Обставлены комнаты были попроще, чем гостиная, очевидно они изначально были предназначены для бедных родственников или не самых желанных гостей. Всего комнат было три, все они выходили в общую гостиную, часть которой была отделена тонкой стеной. Там были пустые полки и стояла большая плетеная корзина. В гостиной был обеденный стол, рассчитанный на шестерых человек, в комнатах — простые деревянные кровати, правда, довольно широкие. Шкаф был общий, в гостиной. Еще в гостиной имелось какое-то подобие дивана — большой сундук, крышка которого была обита тканью. За неприметной дверью рядом с чуланом — вход в «санитарный блок», где была баня, помывочная комната и душ. Туалет, судя по всему, во дворе. И наверняка под каждой кроватью, куда я не заглядывал, стоит ночная ваза.

— Не слишком ли все шоколадно? — спросил я, остановив руку в паре сантиметров от черной глухой портьеры, скрывающей окно.

— Вообще-то… — Бюрократ замялся. — Даже по имперским законам, согласно этому договору, хозяин при нарушении имеет право порезать нас на кусочки, зажарить и съесть, и ему не будет ровным счетом ничего. Подписав это, мы даем ему такое право. Кроме того, меня немного беспокоит это вот… periculo suo. Но я в Сибири человек новый, так что не знаю, насколько это вообще нормальная практика.

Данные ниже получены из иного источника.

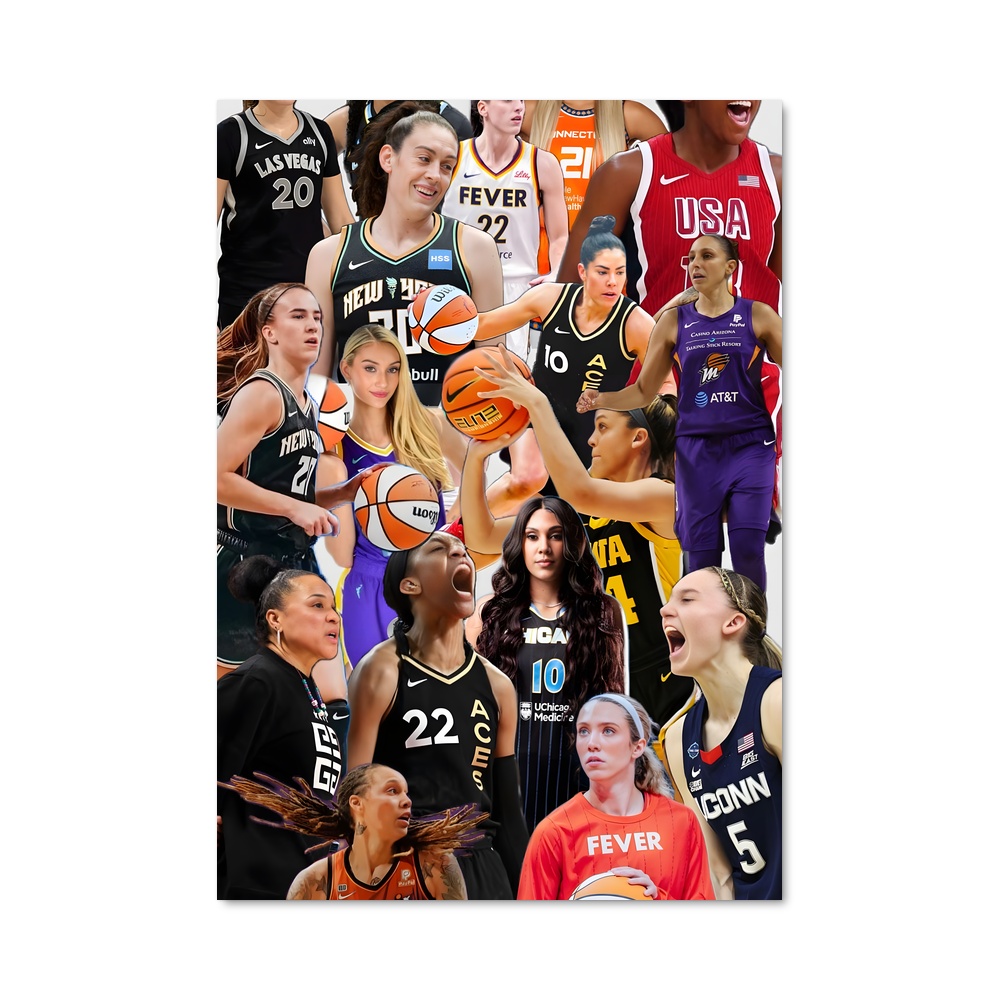 Poster Les Héroïnes du Basket – affiche Basketball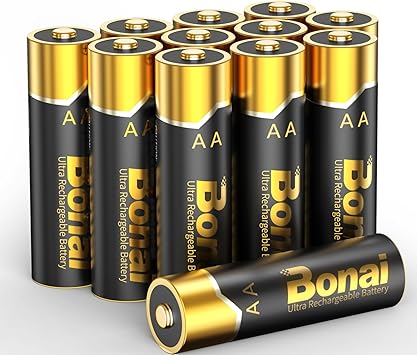 BONAI Rechargeable AA Battery Pro 12 Count, High Capacity 2800mAh NiMH Batteries Low Self Discharge
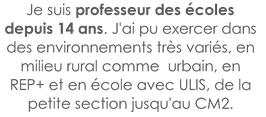 Je suis professeur des écoles depuis 14 ans.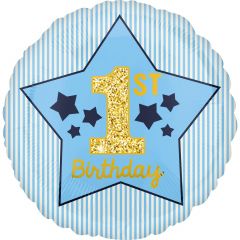 Standard Boy 1st Birthday Blue & Gold folija balon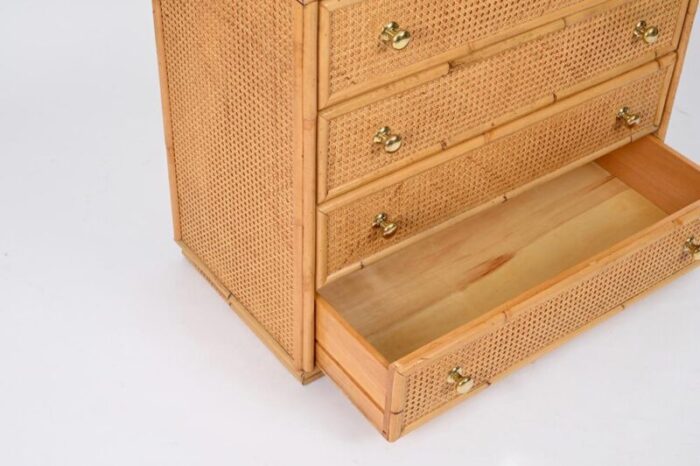 french riviera chest of drawers in vienna straw rattan and brass italy 1970s 7164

— А что ты на меня смотришь, Бюрократ? — Гиена развел руками. — Я такую штуку тоже впервые слышу. Но у меня все равно есть уточнение. Он может попробовать нас порезать на кусочки. Или эти подпись и печать означают, что в случае нарушения мы превратимся в недвижимых болванов?

— Нет, ничего такого, — быстро ответил Бюрократ.

— А можем мы, например, заключить договор на неделю, а если нам не понравится что-то — разорвать его и съехать? — спросила Натаха.

— Ммм… — Бюрократ еще раз посмотрел в бумаги. — Да, точкой отсчета договора каждый раз считается понедельник. И если мы оповестим в субботу, что с понедельника прекращаем взаимоотношения, то…

— Тогда не вижу никаких препятствий, — легкомысленно сказала Натаха. — Давайте подписывать уже, и спать. Я устала, как не бывает. У нас первый этаж, так что в пятницу как-нибудь потерпим без дверей. А серебра у меня отродясь не было…

Я проснулся, как будто меня кто-то ткнул в бок. Вокруг было темно, только откуда-то с улицы доносился обычный утренний шум — кто-то громко болтал, надсадно фырчал мотор машины, в попытках проехать через раскисшую дорогу. Уже утро? А почему тогда темно?

Ах да, шторы… Я сполз с сундука-дивана, на котором меня вчера сморило, наощупь нашел выключатель настенного светильника. Да, точно. Мы вчера подписали договор, вернулись в комнаты, я присел и подумал, что сейчас, пару минут, а потом пойду обратно в универ, разберусь с общагой, но как-то прикрыл глаза…

Кто-то заботливо укрыл меня шерстяным одеялом. Я по очереди заглянул во все три комнаты, послушал ровное дыхание моих друзей.